Des disputes semblables ne divisent pas seulement la bourgeoisie allemande, mais aussi européenne. Au Royaume-Uni, la question de savoir si l’avenir du pays se situe à l’intérieur ou à l’extérieur de l’UE a divisé de manière désespérée les conservateurs et les travaillistes. En Europe de l’Est, en Autriche et maintenant aussi en Italie, des gouvernements nationalistes sont arrivés au pouvoir, sceptiques ou même hostiles à l’UE.

L’escalade des conflits avec les États-Unis après le sommet du G7 – en particulier les mesures de guerre commerciales de Trump, qui ont durement frappé l’Allemagne et l’Europe et sa menace de guerre contre l’Iran – a encore exacerbé le conflit sur ces questions. Le différend en Allemagne tourne autour de la meilleure façon de renforcer la capacité militaire du pays, tout en plaçant le fardeau du réarmement sur la classe ouvrière.

Mercredi, le ministre allemand des affaires étrangères Heiko Maas a prononcé un discours sur la politique étrangère, exigeant une politique étrangère et de défense allemande européenne indépendante en réponse à « la politique égoïste de Donald Trump, de "l’Amérique d’abord", l’attaque russe contre le droit international et la souveraineté des États et l’expansion du géant chinois ». L’aspiration allemande à fusionner l’Europe en tant que bloc militaire contre les trois grandes puissances nucléaires du monde renforce des tendances extrêmement nationalistes et xénophobes.

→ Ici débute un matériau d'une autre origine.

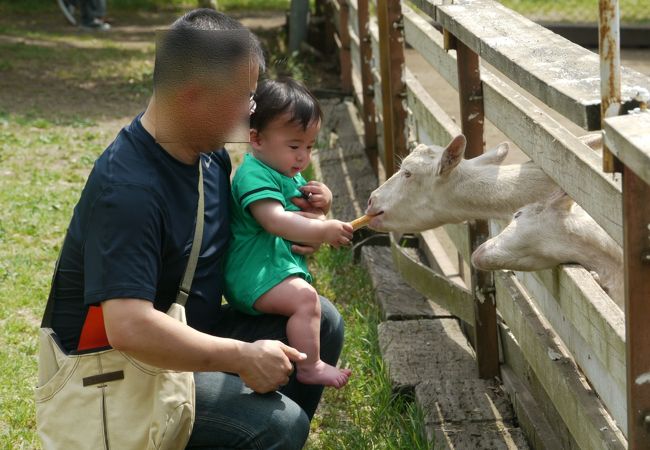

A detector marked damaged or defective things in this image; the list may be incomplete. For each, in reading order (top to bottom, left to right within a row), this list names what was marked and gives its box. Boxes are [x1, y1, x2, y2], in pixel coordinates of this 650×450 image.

rusted metal pole [336, 0, 352, 95]
rusted metal pole [356, 0, 378, 178]
rusted metal pole [374, 0, 404, 178]
rusted metal pole [596, 0, 624, 172]
rusted metal pole [454, 36, 498, 380]
rusted metal pole [620, 166, 648, 446]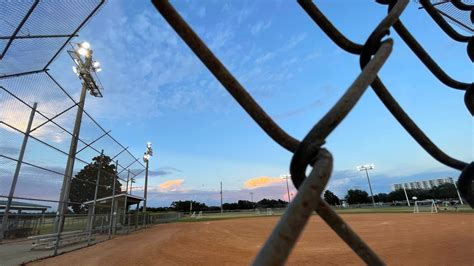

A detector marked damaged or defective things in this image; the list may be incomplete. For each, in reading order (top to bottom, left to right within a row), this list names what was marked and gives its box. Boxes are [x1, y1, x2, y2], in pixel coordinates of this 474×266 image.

rusty chain-link fence [151, 0, 470, 264]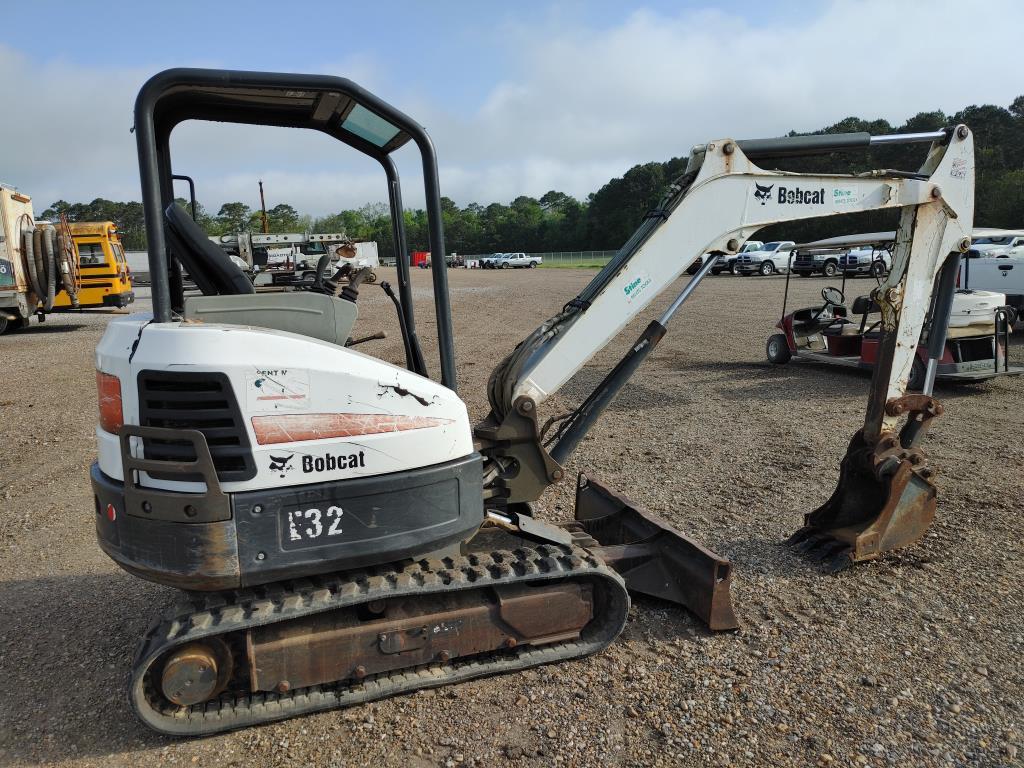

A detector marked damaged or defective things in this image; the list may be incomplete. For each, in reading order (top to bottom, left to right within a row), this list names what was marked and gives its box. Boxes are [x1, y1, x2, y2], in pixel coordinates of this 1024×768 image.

rust stain [251, 412, 452, 448]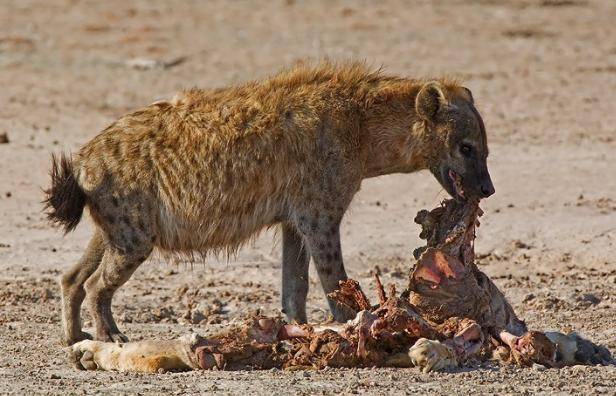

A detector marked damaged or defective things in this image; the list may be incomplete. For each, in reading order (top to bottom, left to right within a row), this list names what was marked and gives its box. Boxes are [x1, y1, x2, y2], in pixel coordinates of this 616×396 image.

torn flesh [67, 200, 612, 372]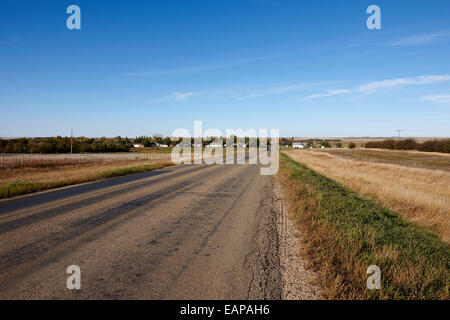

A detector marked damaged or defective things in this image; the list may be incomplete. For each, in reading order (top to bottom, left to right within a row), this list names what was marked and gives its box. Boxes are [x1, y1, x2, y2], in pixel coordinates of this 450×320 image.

cracked asphalt road [0, 162, 282, 300]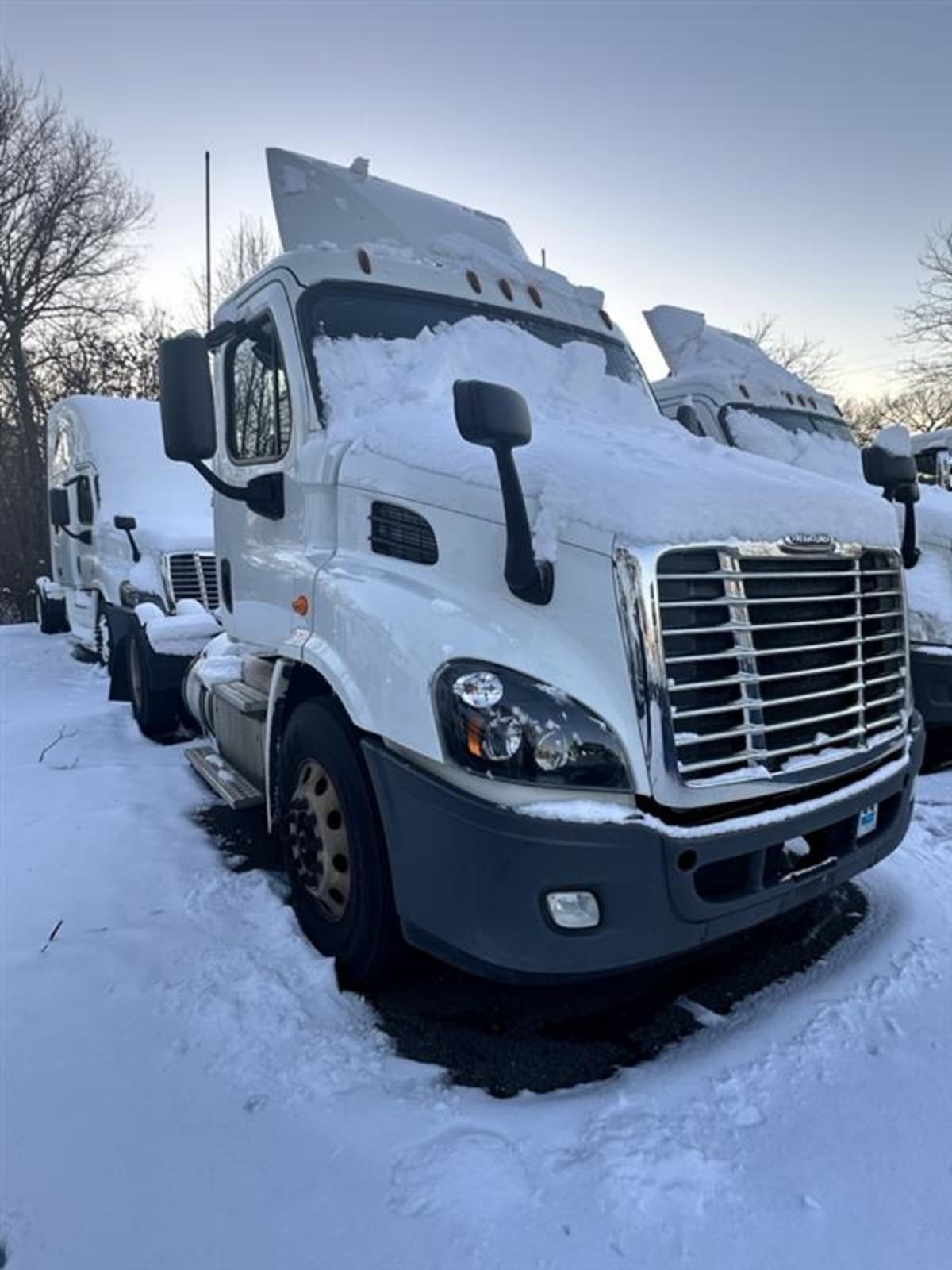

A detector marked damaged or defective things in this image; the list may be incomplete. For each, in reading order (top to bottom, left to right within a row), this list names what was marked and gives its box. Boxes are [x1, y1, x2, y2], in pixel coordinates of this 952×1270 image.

dark asphalt patch [194, 807, 873, 1097]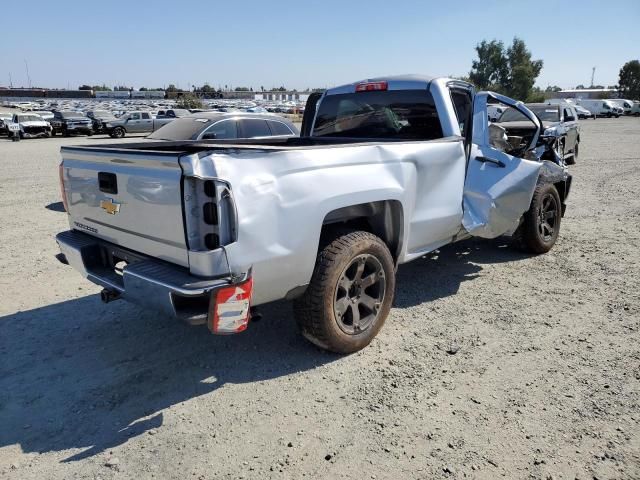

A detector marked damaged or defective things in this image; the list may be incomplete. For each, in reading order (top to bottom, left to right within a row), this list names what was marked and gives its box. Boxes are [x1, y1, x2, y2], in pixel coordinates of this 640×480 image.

damaged door [462, 91, 544, 238]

La classe ouvrière doit opposer sa propre politique indépendante au virage serré à droite de la classe dirigeante. La seule réponse à la politique anti-réfugiés, aux coupures sociales, au militarisme et au renforcement des pouvoirs étatiques est l’unité internationale de la classe ouvrière dans la lutte pour un programme socialiste.